Les collectivités locales pourront lisser sur trois ans les dépenses spécifiques liées à la crise covid-19 qui seront inscrites dans un budget annexe.
Le gouvernement a clairement indiqué qu’il n’était pas envisagé de compenser l’intégralité des dépenses des collectivités liées à la crise, soulignant que la fermeture de services avait aussi généré des économies et que l’Etat assurait 50 % du coût des masques commandés par les collectivités après le 13 avril.

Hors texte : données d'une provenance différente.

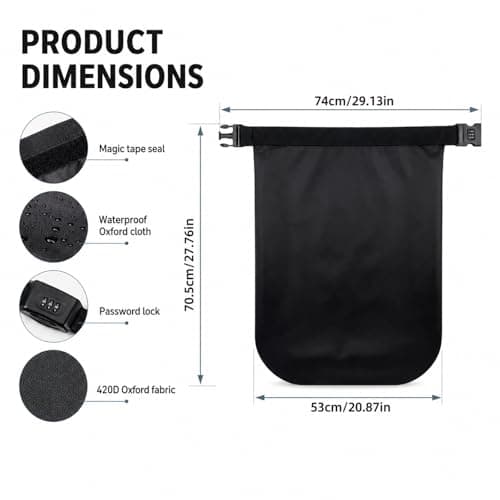 Esoes 30L Lockable Motorcycle Helmet Bag 420D Oxford with Combination Lock — view 2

En attendant la loi de finances pour 2021
Dans l’ensemble, les responsables des communes et des intercommunalités se sont déclarées plutôt satisfaits par ces mesures d’urgence. Les exécutifs des départements soulignent qu’ils devront faire face à une forte augmentation des dépenses sociales. Pour 2021 et 2022, l‘augmentation du nombre de bénéficiaires du RSA est estimée à +5 %. Cette situation pourrait provoquer le retour de la question de la renationalisation du RSA. Les régions, elles, ne sont pas prises en compte dans ce plan d’urgence. Le gouvernement a considéré qu’elles bénéficient déjà d’une garantie d’un socle de ressources pour la fraction du produit de la TVA qui leur est transférée chaque mois depuis 2018 en remplacement de la dotation globale de fonctionnement. Les Régions peuvent également comptabiliser leurs participations au fonds national de solidarité pour les TPE comme des dépenses d’investissement, leur permettant de libérer des marges de manœuvre financières en vue du plan de relance auquel elles souhaitent prendre une part active. L’Association des Régions de France a indiqué qu’elle redoutait une baisse de -21 milliards d’euros de leurs investissements d’ici à 2026 s’il n’y a pas de garantie sur la CVAE et la TICPE.
Le gouvernement a précisé que le
chiffrage des mesures d’urgence est provisoire et sera affiné dans le projet de
loi de finances 2021 en fonction de la reprise économique et des rentrées
fiscales des collectivités cette année.